I spoke too soon on my last blog and literally the next day, I had all of my Radiotherapy information and appointments through the post for this week. I have a telephone consultation with an oncologist on Thursday. As if I now have two oncologists to deal with. Then I have an appointment at the hospital on Friday to have a CT scan, be fitted for my board and get my tattoo’s done before my treatment starts the following week. I’m concerned about my seroma and the lack of contact with my breast nurses to help fix it this week. The radiotherapy information stated that treatment couldn’t go ahead if a seroma was there. I’ve called my nurses twice last Thursday and Friday and again this morning. I need to see if I need to get it drained asap this week and then what I can do if I’m having radiotherapy daily and it comes back.

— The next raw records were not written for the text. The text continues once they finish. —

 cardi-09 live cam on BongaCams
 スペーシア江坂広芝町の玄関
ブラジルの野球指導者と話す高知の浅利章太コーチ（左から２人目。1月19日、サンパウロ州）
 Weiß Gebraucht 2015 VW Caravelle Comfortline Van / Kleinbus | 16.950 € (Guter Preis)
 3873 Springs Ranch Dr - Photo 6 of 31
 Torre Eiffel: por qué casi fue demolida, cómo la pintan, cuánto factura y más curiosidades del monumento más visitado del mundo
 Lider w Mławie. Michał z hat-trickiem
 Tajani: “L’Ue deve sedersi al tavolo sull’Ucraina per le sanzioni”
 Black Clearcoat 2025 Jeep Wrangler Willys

I’m nervous to hear what is going to come with the radiotherapy. It looks like it’s going to run over Christmas and new year. Depending on the strength that I’m going to get, I can’t be around kids or pregnant people which means I won’t be able to see my sister for a month either. I was hoping it was going to be a quiet December with just Chemotherapy to worry about but now that it’s here at least it will be over and done with for the start of next year. Let’s see what this week holds for the next unknown journey.

Anonymous
  • Thanks for the heads up with this. I’ve got 15 sessions to do so I think I’ll get 3 weeks holiday booked in at work and then am not under pressure. I can relax and sleep when I need to if this is goJoyg to add to my lack of energy lol. Hahaha this sounds like a good plan. I’m sure I can get away with it just facilitating this year Joy

  • Hi. From R/T, uncomfortable now and again, some tenderness and a bit of pain (like sunburn) but nothing serious. It's still tender and swollen now 7 weeks on, but nothing compared to chemo or surgery healing.  Good luck

  • This is what I was expecting so I'm glad you've let me know what it was like! I can cope with some sunburn (I think! haha)

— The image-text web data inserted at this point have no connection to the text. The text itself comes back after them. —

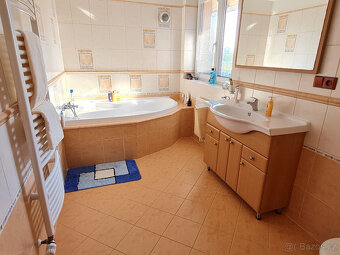 Ihned k nastĕhováni rodinný  dům  245 m², pozemek 1 547 m² - 17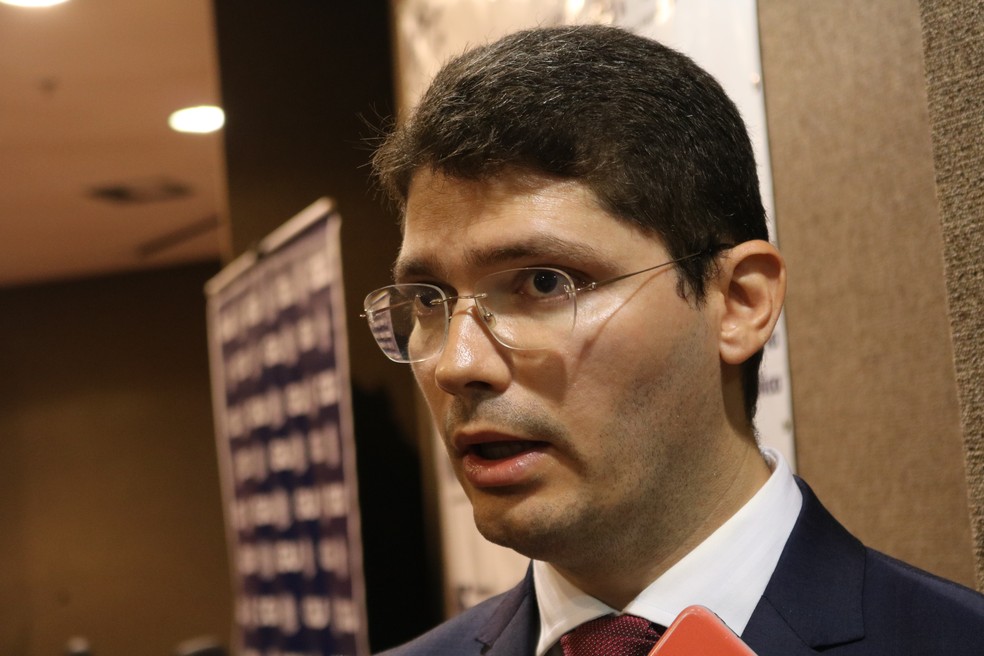 Delegado Leonardo Leite, da Polícia Federal do Piauí, disse que novos bens podem ser sequestrados — Foto: Andrê Nascimento/ G1 PI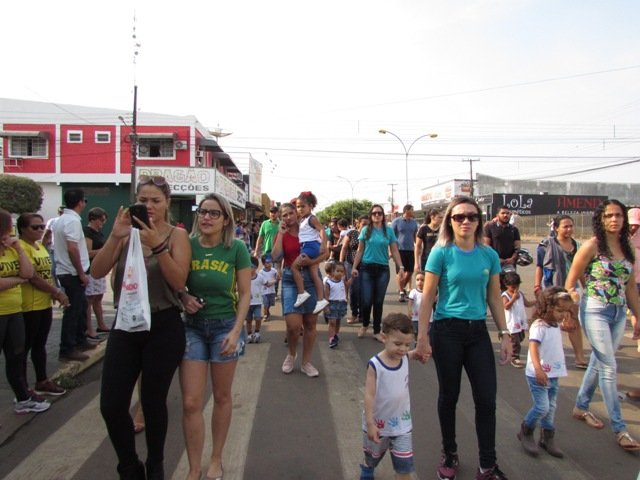 Desfile 7 de Setembro Colider parte 003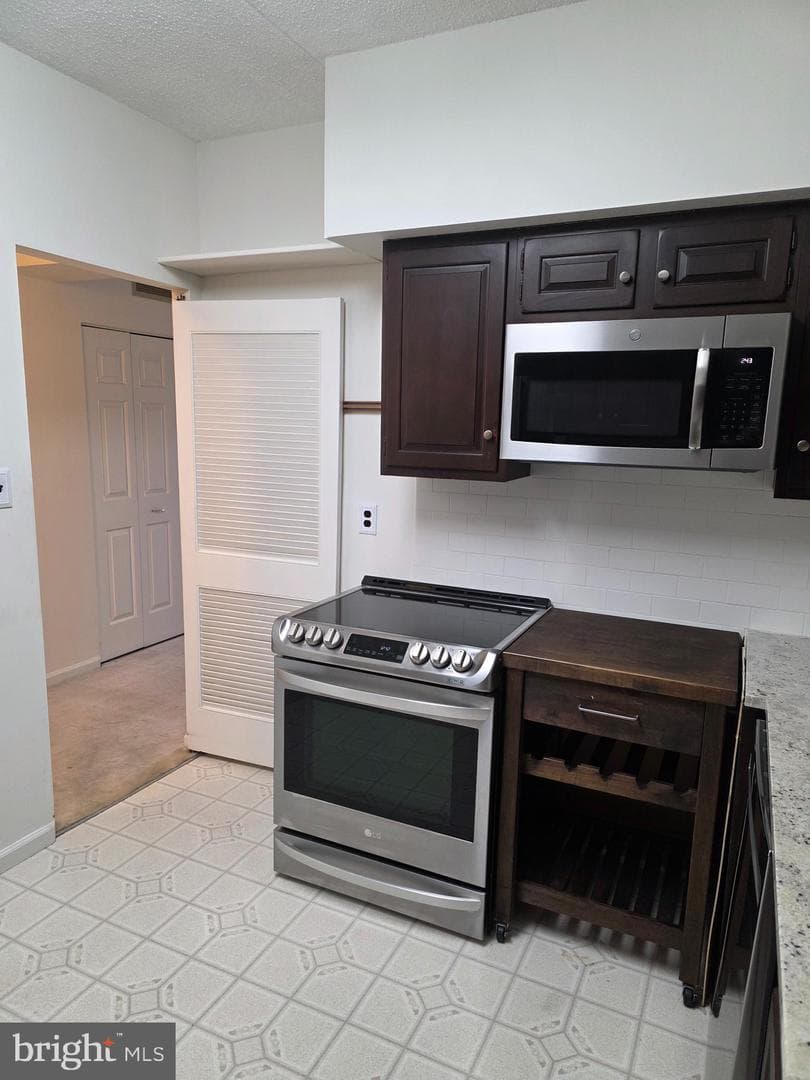432 W Montgomery Avenue #402 photo 5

    I hope your doing well. Are you now officially done with treatments?! Pray tone1

  • I still have 6 more Phesgo injections, so that takes me until late March I think. Then 5 more bone infusions (twice a year) and Letrozole until September 2030!!!!   They kindly remind me of this on each prescription label Joy

  • Good luck with all your ongoing treatment. Always catch up on your blog and how you're doing, it was your blog that made me start my own.

    Hope you get to see your family over Christmas . I too have heard mixed reports about radiotherapy- not sure if it's an urban myth about keeping away from children etc.You can report back and tell us.